Pin It
Favorite

I've Seen This Movie Before: Student unrest from Middle America to the Middle East 

We students wait for word from the West. We know the mainstream media want our movement to fail, but our telephone service provider doesn't care

We students wait for word from the West. We know the mainstream media want our movement to fail, but our telephone service provider doesn't care one way or the other. Ring-ring. News: Students at a prestigious western university are on strike. The tide moves eastward; hours later, we learn of a massive demonstration at a campus half a country closer. The baton of uprising has been passed to us. Will we have the strength and unity to meet the challenge, knowing that our local reaction will shape the response of other students on other campuses further east?

I am not referring to the Iranian university students that I and so many other freedom-loving Americans have come to so immensely admire over the past week. Rather, I reference students at universities such as the University of California, Berkeley; the University of Wisconsin, Madison; and at scores of other U. S. campuses more than 40 years ago, when my generation of American university students rose up against the same sort of oppressive power elite that our Iranian counterparts now confront. Images of the Iranians' bravery and determination against a potentially mass-murderously repressive power structure take me back to my own student days, a year before I went "Clean for Gene," nearly a year before January '68's Tet offensive, March '68's announcement of President Johnson's abdication, April's assassination of the Rev. Dr. King and on and on that apocalyptic year.
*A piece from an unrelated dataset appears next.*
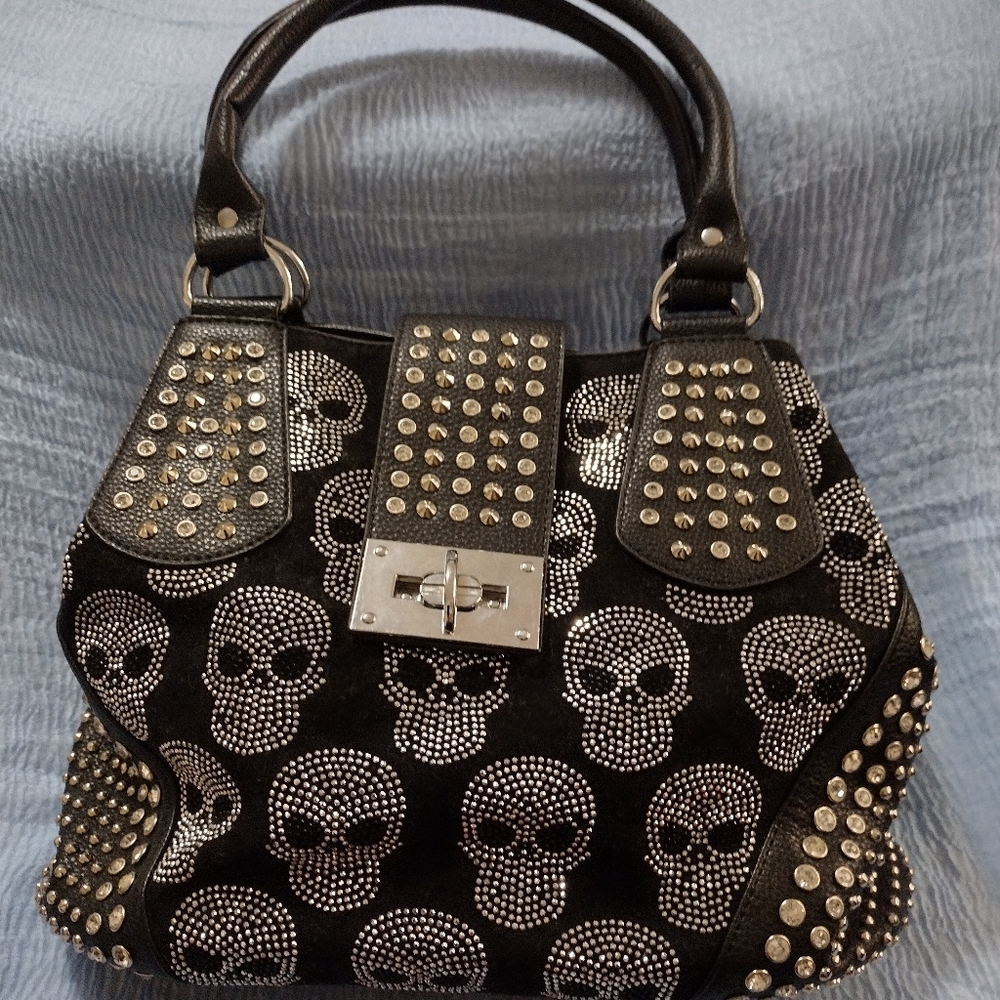 Black Faux Suede & Leather Rhinestone Embellished Skulls Handbag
CNN recently quoted a professor of Iranian Studies at a prominent U. S. university. "I am absolutely convinced that what we are witnessing is a turning point in . . . history. Even if the [government] survives this crisis," said Dr. Hamid Dabashi, "it will no longer be as it used to be."

I've seen this movie before. This is exactly what we Americans in our own anti-government movement thought back then. The author of 1968 in America describes my generation's sense of events a few months later when the Tet offensive revealed to rank-and-file Americans what we students knew all along: that our governors had deceived us to the point of betrayal. Tet acted on Americans as "an immense magnetic field energizing the [government's] opponents and transforming the political landscape."

We knew our republic was founded to "provide for the common defense." But we also knew our government had squandered, and showed no sign of ceasing to squander, American lives and treasure on a war that did nothing to "provide for [our] common defense." Similarly, the Islamic Republic was founded to express the wishes of Iranians for a new type of democracy. But, similarly, the established power structure has betrayed the Iranian people. And, similarly, Iranian university students were among the first in their country to know it had.

I do wonder how much earlier we '60s "peaceniks" would have ended the war and how many more lives we would have saved if we would have had Twitter. But I beg you: Don't be distracted and lose sight of the political aims of the Iranian opposition in our typically American fascination with the technology they have so artfully "repurposed." Just as we lost once Johnson stepped aside and chaos overtook Chicago, the Iranian opposition could lose. Their movement could be co-opted by vague promises of a partial recount from "Boss" Khameni.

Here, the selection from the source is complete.